Berühmte Namensträger: Walter

Von Ernö und Renate Zeltner


Zwar ist der Name auch durch den vorbildlichen Lebenswandel des heiligen Walter von Pontua (Namenstag am 8. April) geadelt, der eigentlich viel lieber Einsiedler als Abt gewesen wäre; doch viel berühmter ist der ein Jahrhundert später in Tirol zur Welt gekommene Walther von der Vogelweide (um 1170-1229) geworden. Viele Lieder und Gedichte des aus dem Dienstadel stammenden Spruchdichters und Minnesängers sind bei aller höfischen Konvention zugleich Ausdruck sehr persönlicher Empfindungen, der Liebe zur Natur, zum Vaterland und zu den Damen. Walther besingt nicht nur die Schönheit der hochgestellten Edelfrauen, sondern auch die Reize der Mädchen aus dem Volk. In seiner politischen Spruchdichtung aber weiß er eine scharfe Klinge zu führen. Er nimmt leidenschaftlich Partei für Reich und Staufenkaiser und wendet sich zornig und oft voller Häme gegen die politischen Ränkespiele der Päpste. Heiter-sinnliche Liebeslyrik prägt eine wichtige Phase seines Schaffens (>Mädchenlieder<), in der er einer geliebten Frau Verse wie diese in den Mund legt:

Unter der Linde
Auf der Heide
Wo unser beider Bett war,
Da mögt ihr finden Wohl beides
Zerknittert, Blumen und Gras.
Vor dem Wald
Tandaradei
Schön sang die Nachtigall.

(Aus dem Mittelhochdeutschen)

Walther von der Vogelweide
Walther von der Vogelweide

Ein anderer Walter wurde gleichsam zum »Erneuerer des Bänkelsangs«. Walter Mehring (1896-1981) hat seine besten Tage in den »goldenen Zwanzigern« in Berlin erlebt. Hier kam er als Mitgründer der Dada-Sektion und Mitarbeiter der Zeitschrift >Sturm< zu literarischem Ruhm. Den geistreichen Protestsänger und erbitterten Antifaschisten verband eine enge Freundschaft mit Kurt Tucholsky. Der hat als Peter Panter 1920 in der >Weltbühne< über Mehring geschrieben:

Die virtuose Beherrschung einer neuen Form – das ist noch gar nichts. Wenn wirklich neue Philosophie, Ablehnung aller Metaphysik, schärfste und rüdeste Weltbejahung einen Straßensänger gefunden haben, der das alles in den Fingerspitzen hat: Leierkastenmusik, die Puppe auf dem Sofa des Strichmädchens, die eingesperrten Kinder, deren Mutter uff Arbeet jeht, Männer vom Hausvogteiplatz, für die die Welt keine Rätsel mehr birgt, brave Abonnenten, denen das Insertionsorgan Kindtaufe, Hochzeit und Sonnenaufgang vorschreibt – wenn die neue Zeit einen neuen Dichter hervorgebracht hat: hier ist er.

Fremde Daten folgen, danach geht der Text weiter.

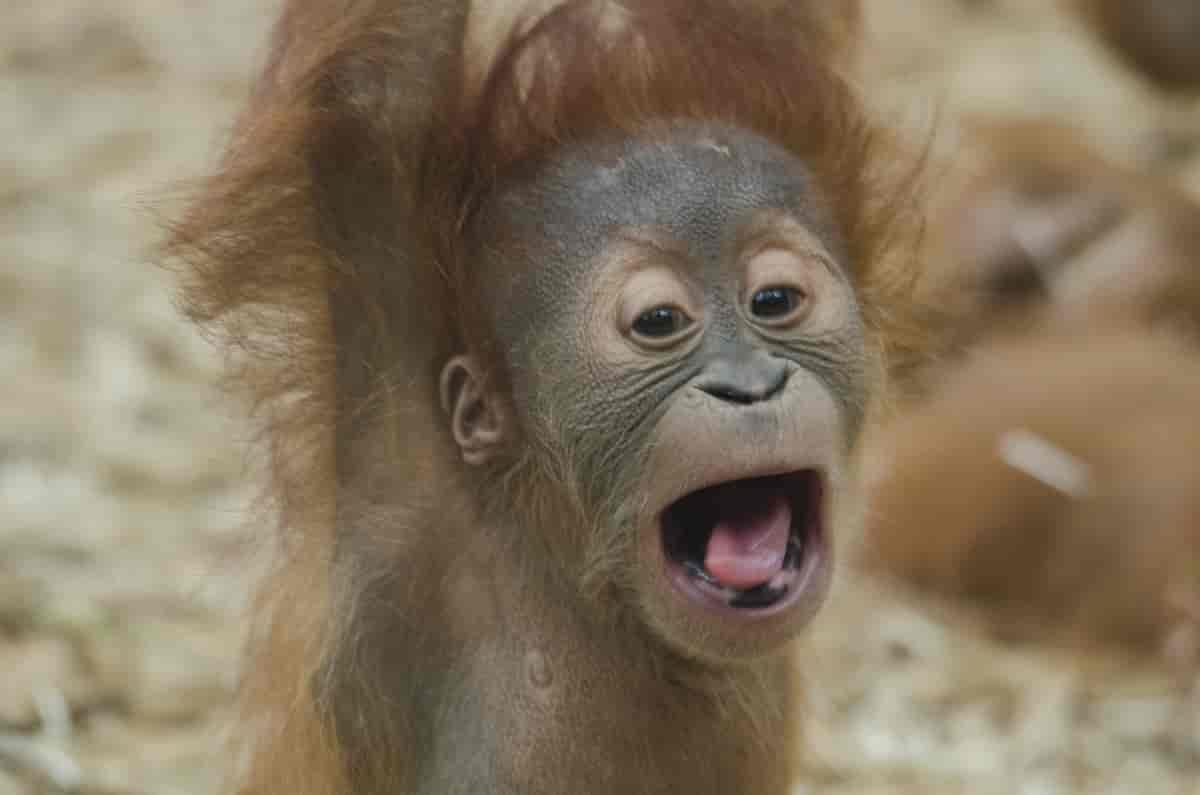 Orangutang-baby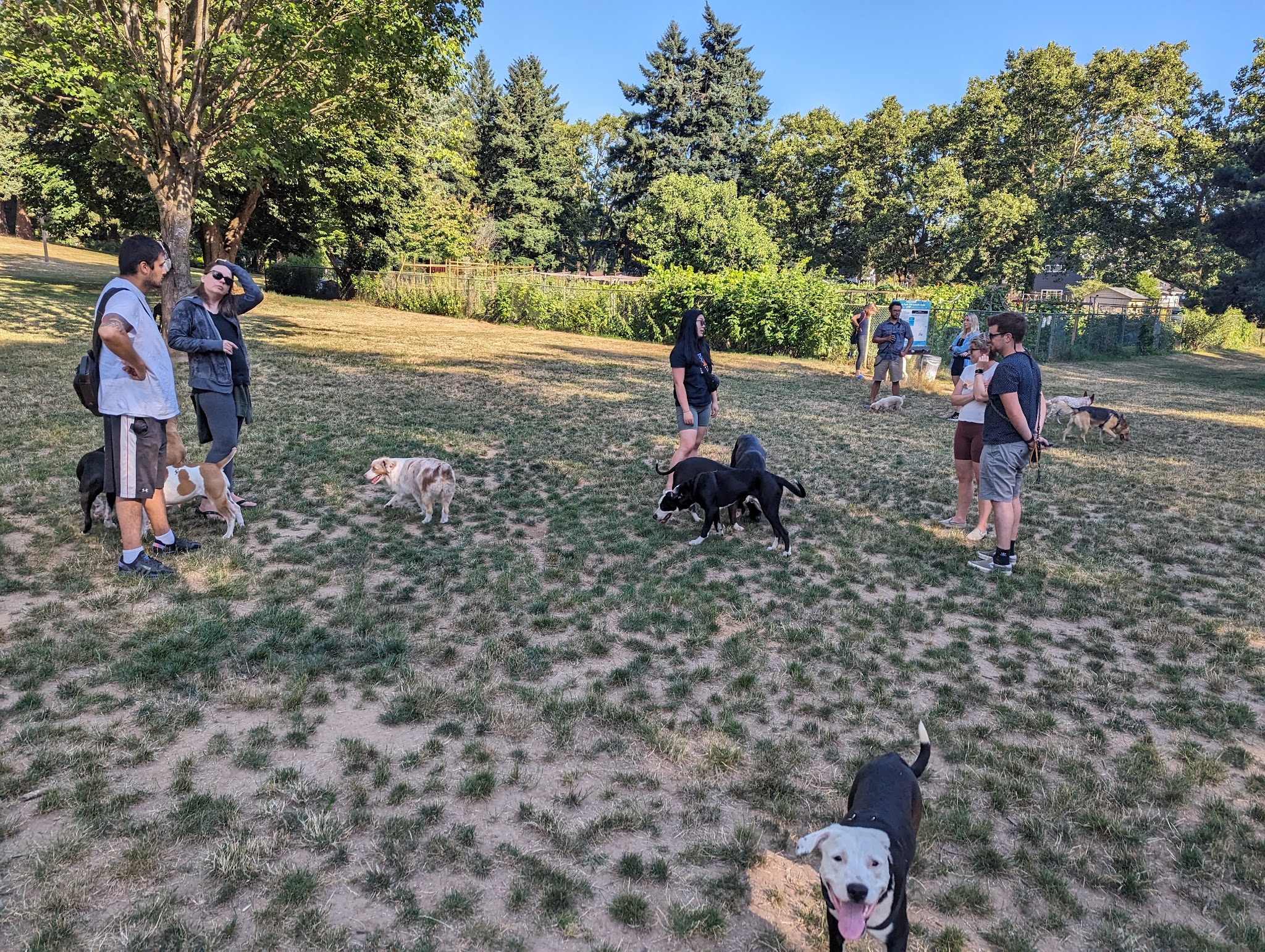 Lents Park Off-Leash Dog Area - Portland, OR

Mehring erwiderte mit einem > Dankgebet für Peter Panter<:

‚ck lebe wie’n Veilchen ohne Vabreitung janz vasteckt …
Aba neilich hat ma‘ Eener in de Zeitung doch entdeckt!
Und ‚ck dachte, wie’s een’m so stillos koddrig geht!
Und wie mieß ma zumut is
Und wie der Mensch jut is …
Und ‚ck bin jefiehllos ‚ck bin Poet!

1933 emigrierte der Jude Walter Mehring nach Wien, 1938 in die USA. Er lebte nach dem Krieg in der Schweiz, konnte aber den Bruch seiner Karriere (»ein fast vergessener Dichter«) nie verwinden.